BY ASHLEY LANDESS and BARBARA ZIA
Less than two weeks ago we joined with other South Carolina groups to expose an effort by House leaders to sabotage ethics reform and evade disclosure and independent scrutiny. House leaders’ plan to decriminalize ethics violations and force citizen activists to become lobbyists was outrageous, and a diverse coalition of citizen groups jointly and publicly denounced it.
Fortunately, some House members broke ranks with leadership and stepped up to stop them from decriminalizing corruption and squelching free speech. But while that effort was successful, the bill that passed still would not accomplish real reform.
Unless the Senate offers substantive changes, it will be business as usual for S.C. politicians. That would be unfortunate, because there has never been a greater public demand for change.
But the House bill touted as “major reform” fails to accomplish it, and allowing politicians to claim otherwise would be a disservice to the state. For example, while it mandates some disclosure of private income sources of elected officials, there are loopholes and exceptions that provide “ways around” full reporting. Income sources under $2,500 could remain secret, along with payments to spouses and other immediate family and some interest income.
To be blunt, there would still be ways to secretly pay a politician, and that must finally change.
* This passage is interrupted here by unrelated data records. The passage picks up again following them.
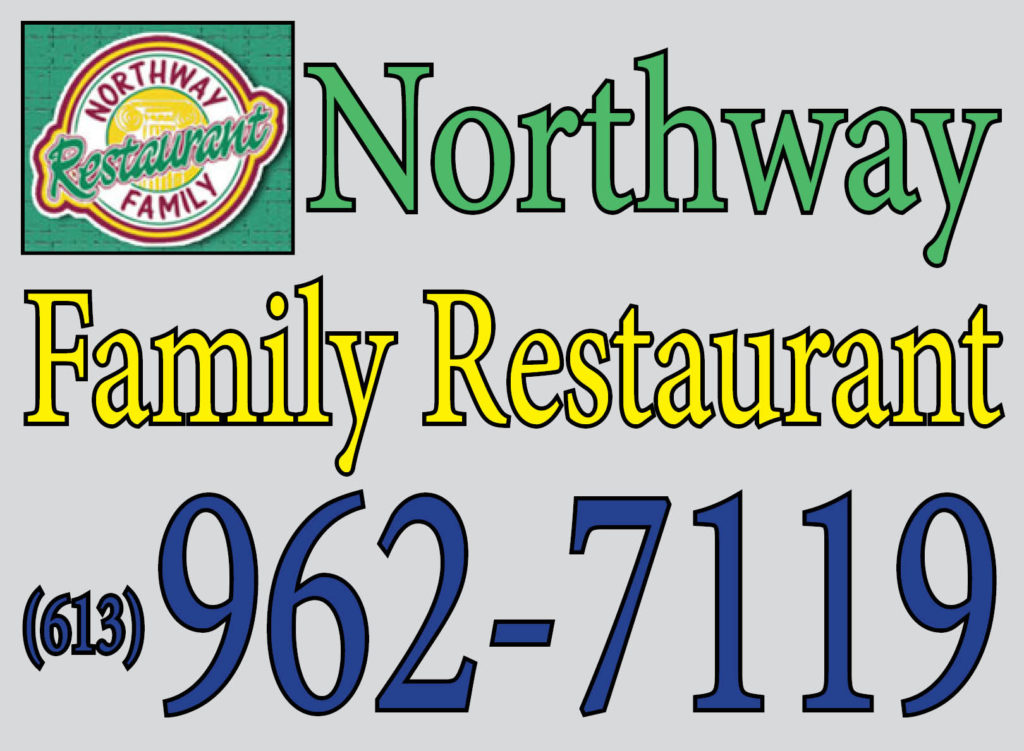 Car magnet for Northway Family Restaurant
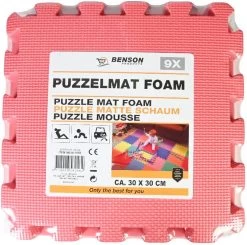Benson 9 Stuks Zwarte Puzzel Vloertegels Foam 30 X 30 Cm - Puzzel Speelmat - Baby/peuter Speelgoed Matten -Babyproducten Winkel 1200x1192 2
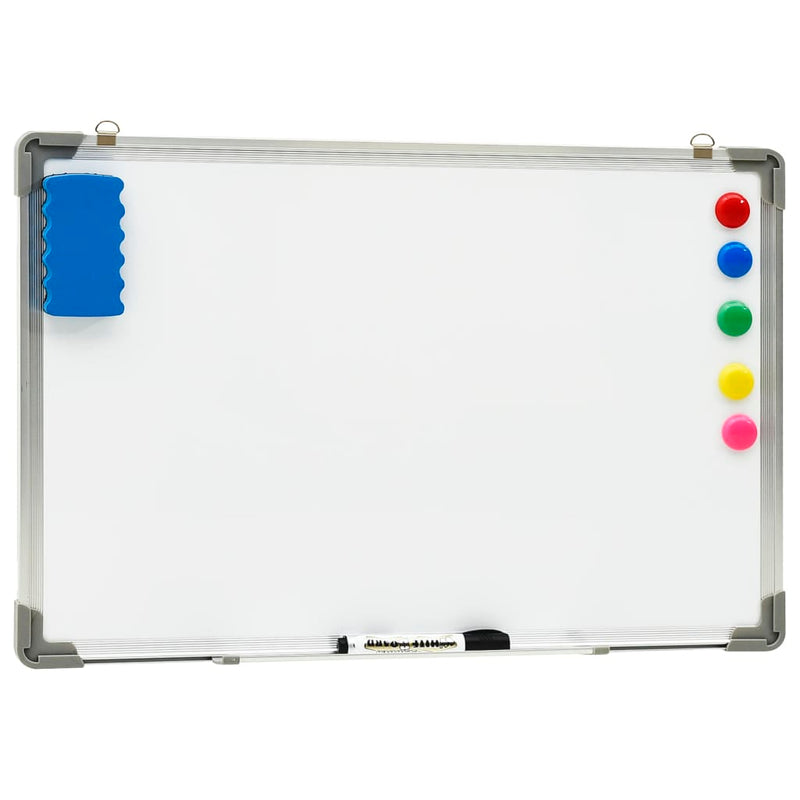 Load image into Gallery viewer, Vidaxl whiteboard magnetisch 60x40 cm staal wit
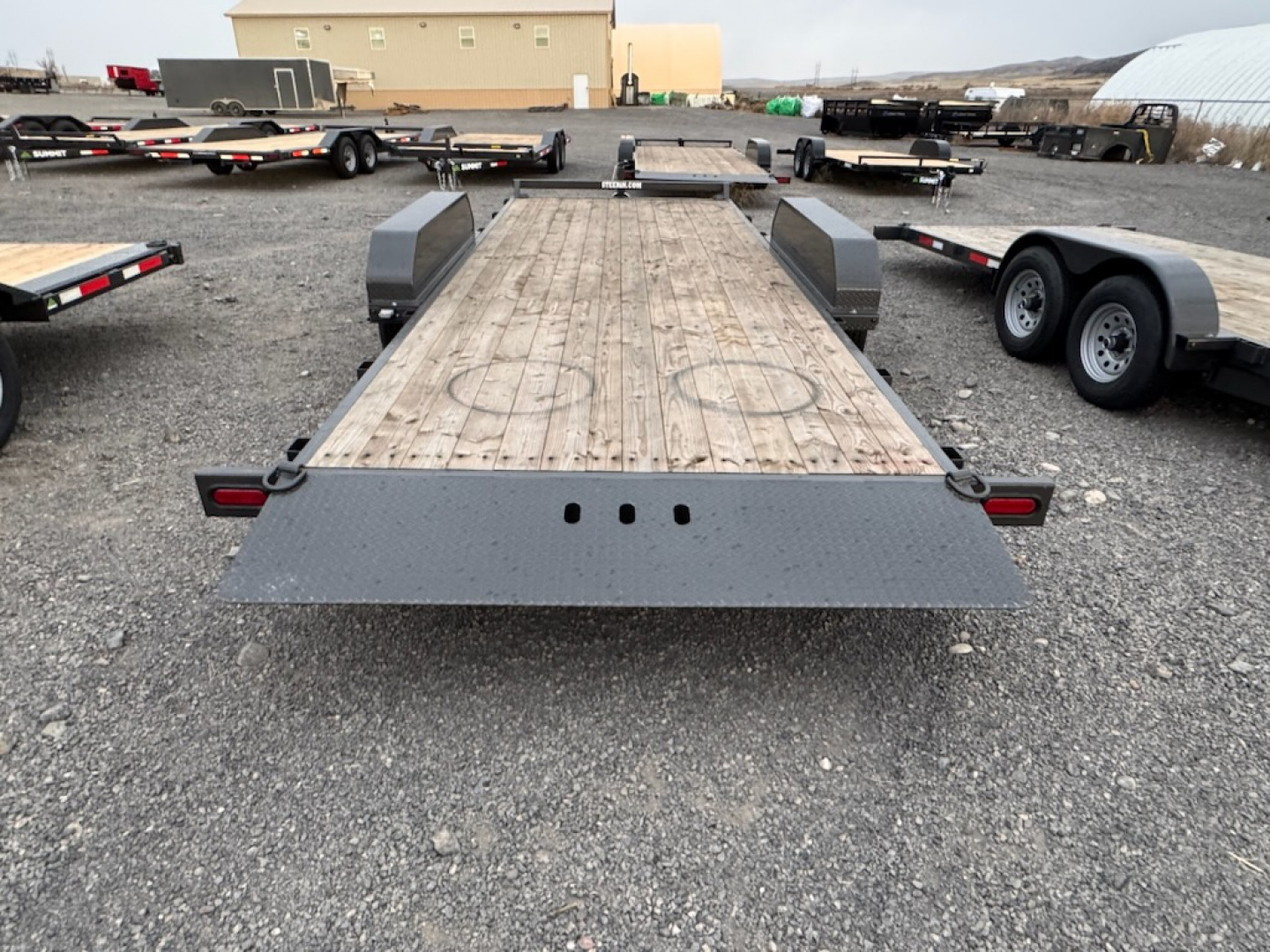 New 2026 Summit 18' Cascade Tilt Trailer 14K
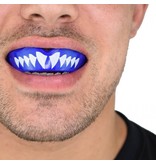 Safejawz Safejawz Gebitsbeschermer Extro-Series Shark Blauw/Wit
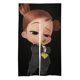 thumbnail image 1 of Cortina para puerta de The Boss Baby, cortina opaca para puerta de 34 x 57 pulgadas, cortina divisoria para privacidad de habitación para decoración del hogar, dormitorio, cocina, 2 paneles, 1 of 6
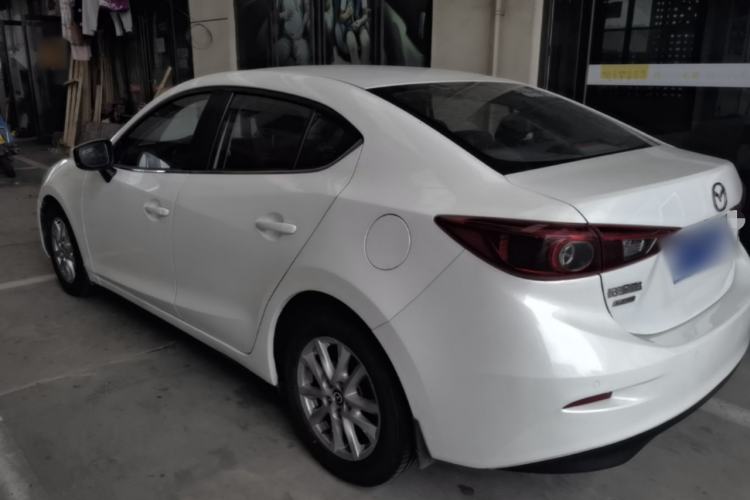 Used Mazda 3 Axela 2017 Sedan 1.5L Automatic Luxury Model Emission Standard China V Rear Left 45 Deg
Income disclosure isn’t designed to embarrass elected officials or expose their businesses to unfair scrutiny, but simply to ensure that they can’t benefit financially at the expense of the public. Conflicts of interest are not preventable if they are not exposed to the public. The fix is easy: All officials should disclose not only the public sources currently required, but all income sources that reportable to the IRS. That simple reform would expose existing and potential conflicts for officials, and give citizens at least enough information to raise further questions if necessary.
The failure to require full income disclosure is disappointing because it seemed the House was on track to do so in the original version of H. 3945. But what was not a surprise was the failure to end the absurd self-policing that lawmakers stubbornly insist is their right. House members laud their plan as “giving the public input” in the ethics policing process because they would appoint some non-lawmakers to their joint committee. A committee of legislators and their chosen appointees will not provide the accountability that we need.
This battle over the commission structure is not a minor one. Unless the commission is independent and the process public (after a finding of whether there is probable cause), citizens will never be sure their legislators are truly accountable. The current ethics commission is appointed by the governor, with advice and consent of the Legislature and with terms beyond the governor’s. That is the right entity to handle ethics complaints, and only in South Carolina would legislative leaders stubbornly argue that they have sole authority to police themselves with no checks and balances.
The bill also contains an “extra” layer of protection for politicians by requiring “willful” violation of ethics laws. This is an unnecessary addition. What’s interesting — but not surprising — is that the “willful” burden does not apply to the section that makes it criminal to discuss a complaint against a politician. Citizens are forbidden to discuss the nature of a complaint, a violation of free speech that would likely be struck down if challenged. That language isn’t necessary — there should not be a higher burden of proof for charging politicians than exists for citizens.
Finally, the House bill fails to exempt citizens from having to register to lobby to speak at local public hearings. That’s likely an oversight — House members restored citizens’ protection to speak at state public hearings but failed to add it at the local level. That error would result in a chilling effect on free speech, and illustrates the danger of the secret rushed process orchestrated by legislative leaders to protect politicians from being punished for corruption.
This is the very climate that has motivated an unprecedented demand to end the concentration of power and secrecy that makes South Carolina’s government among the nation’s most at risk for being corrupted. Our reform movement is historic, not just because of the diverse coalition of citizens but because it would have the kind of dramatic impact that would open up real possibility for everyone. This opportunity is for us to restore citizen government, not provide politicians with a false victory lap. The House plan is smoke and mirrors. We won’t settle for it, and neither should anyone who represents us.
Ashley Landess is president of the S.C. Policy Council. Barbara Zia is co-president of the League of Women Voters of South Carolina.